• [Exercise] Begin at the line below that has "第一期迎春消费券开抢 16万份通用消费券包10分钟抢完" and stop after the line that has "dent de dinosaure". Please restate only those lines, word for word.

• [Recorded information]

_____

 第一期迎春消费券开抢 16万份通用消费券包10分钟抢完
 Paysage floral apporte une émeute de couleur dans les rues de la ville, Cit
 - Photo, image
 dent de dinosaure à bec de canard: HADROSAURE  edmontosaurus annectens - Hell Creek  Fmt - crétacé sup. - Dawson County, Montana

_____

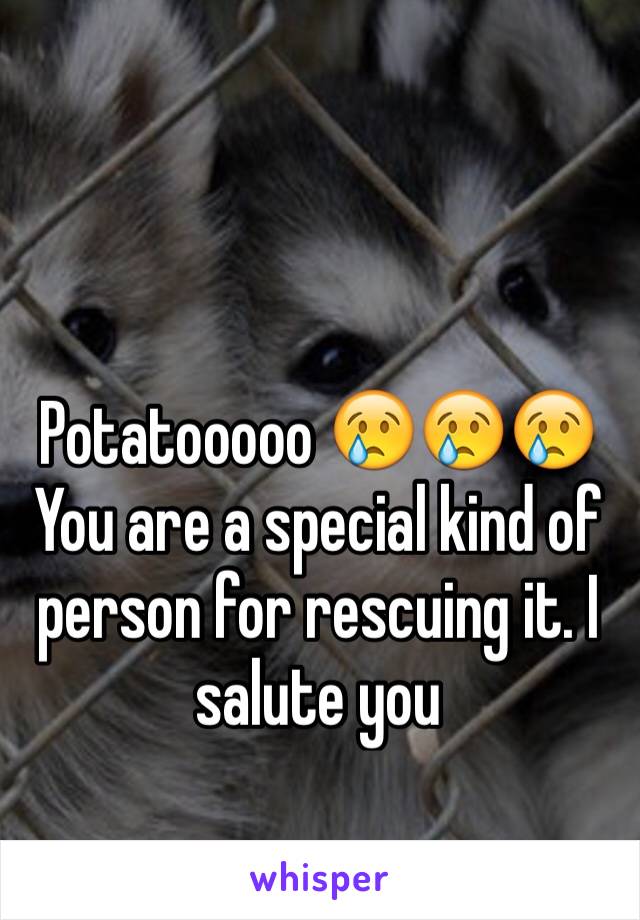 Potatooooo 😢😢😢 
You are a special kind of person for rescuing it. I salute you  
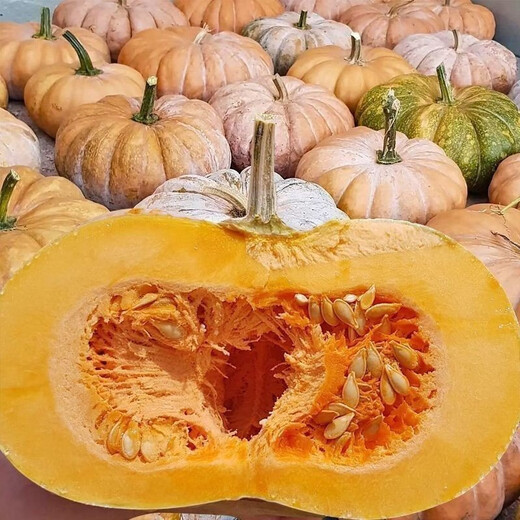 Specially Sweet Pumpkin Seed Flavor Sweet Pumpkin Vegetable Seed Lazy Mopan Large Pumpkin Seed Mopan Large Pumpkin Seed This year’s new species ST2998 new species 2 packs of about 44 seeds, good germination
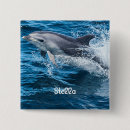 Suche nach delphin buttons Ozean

_____

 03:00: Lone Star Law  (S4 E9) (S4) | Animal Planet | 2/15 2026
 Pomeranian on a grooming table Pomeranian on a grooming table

_____

• [Output of the task]
 第一期迎春消费券开抢 16万份通用消费券包10分钟抢完
 Paysage floral apporte une émeute de couleur dans les rues de la ville, Cit
 - Photo, image
 dent de dinosaure à bec de canard: HADROSAURE  edmontosaurus annectens - Hell Creek  Fmt - crétacé sup. - Dawson County, Montana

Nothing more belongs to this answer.